In compliance with Federal Confidentiality Rules (42 CFR, Part 2), this waiver includes the release of medical records pertaining to the voluntary and/or involuntary commitment to a mental health facility for treatment of physical and mental illness and alcohol/drug abuse.
In addition to the above requested information, you may release arrests, detentions, field citations, field interview cards, officers’ records, jail/custody booking records, traffic citations, and traffic accident information, district attorney records, court records and reports, probation and parole reports and records, laboratory reports and results, and any other criminal justice records, reports or information source.
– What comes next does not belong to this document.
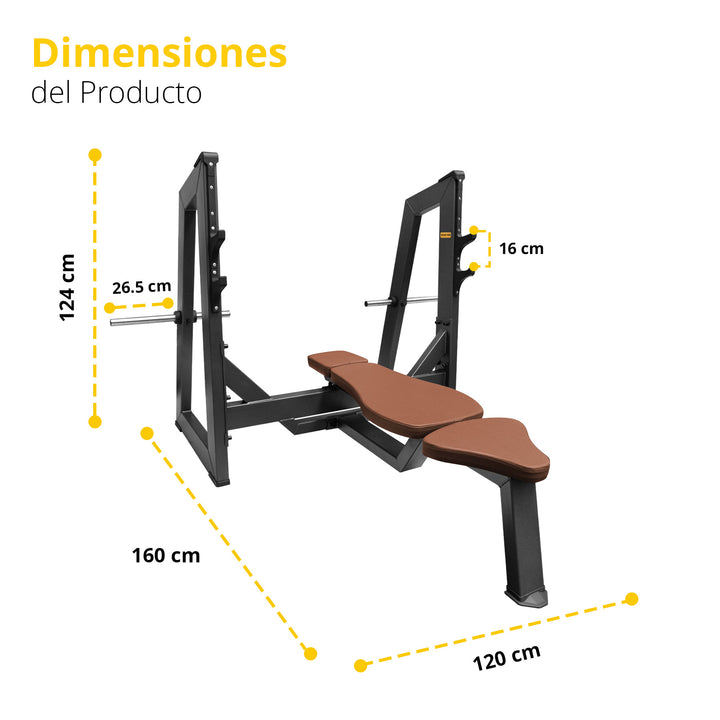 Banco TAYGA-PRO con estante para barra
This authorization and request is given freely and without duress, voluntarily waiving any protection against unauthorized disclosure of information under the Privacy Act and any other legal provisions, and with the understanding that information furnished will be used by the _____________________________________________ (Law Enforcement Agency) in conjunction with my application for a
Concealed Firearms Permit.
I hereby release you, your organization and others from any liability or damage which may result from furnishing the information requested, including any liability pursuant to any state or local code or ordinance or any similar laws.
THIS AUTHORIZATION IS VALID FOR FIVE (5) YEARS FROMTHE DATE SIGNED.
I declare under penalty of perjury under the laws of the State of Nevada, that the foregoing is true and correct.
Applicant’s Signature Date
Print Full Name
SHERIFFS’ Employee Date
NOTE: A PHOTOCOPY REPRODUCTION OF THIS REQUEST SHALL BE FOR ALL INTENTS AND PURPOSES AS VALID AS THE ORIGINAL. YOU MAY RETAIN THIS FORM FOR YOUR FILES.